What you are asked to do -
Could you set down the listing below exactly and omit its images?

Supplied data -
+++

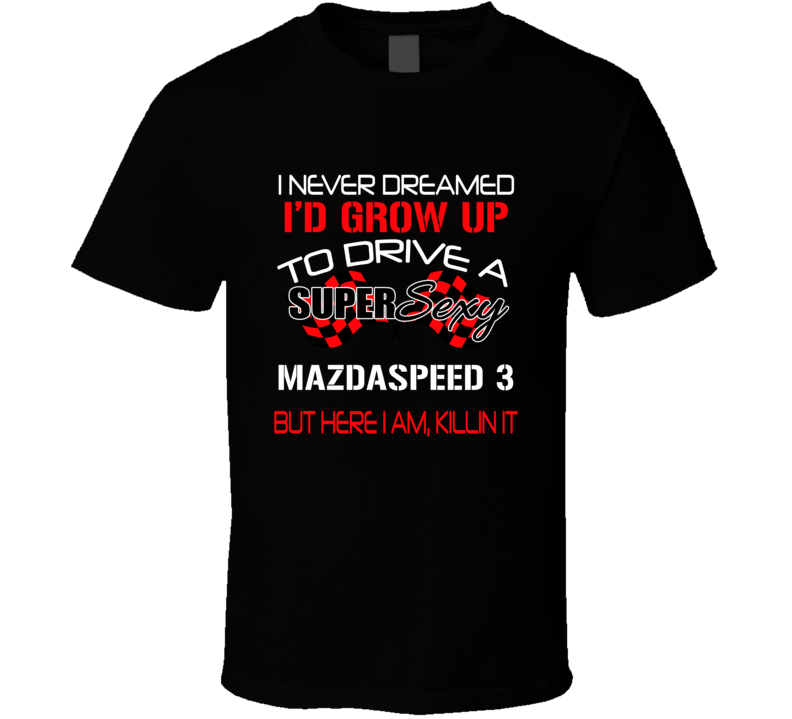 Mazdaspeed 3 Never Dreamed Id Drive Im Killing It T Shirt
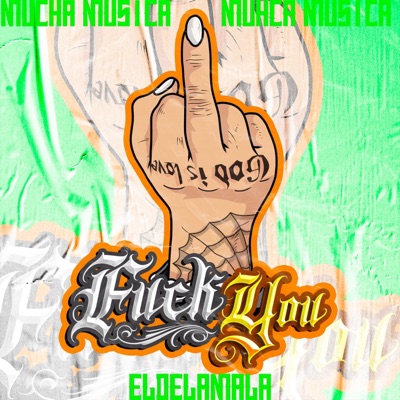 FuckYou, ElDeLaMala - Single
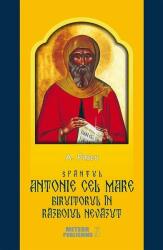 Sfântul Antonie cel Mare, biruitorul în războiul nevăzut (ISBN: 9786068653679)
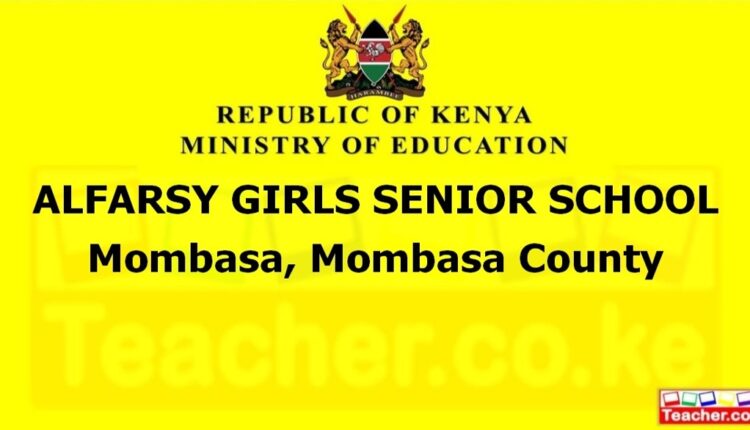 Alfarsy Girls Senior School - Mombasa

+++

The answer -
 Mazdaspeed 3 Never Dreamed Id Drive Im Killing It T Shirt
 FuckYou, ElDeLaMala - Single
 Sfântul Antonie cel Mare, biruitorul în războiul nevăzut (ISBN: 9786068653679)
 Alfarsy Girls Senior School - Mombasa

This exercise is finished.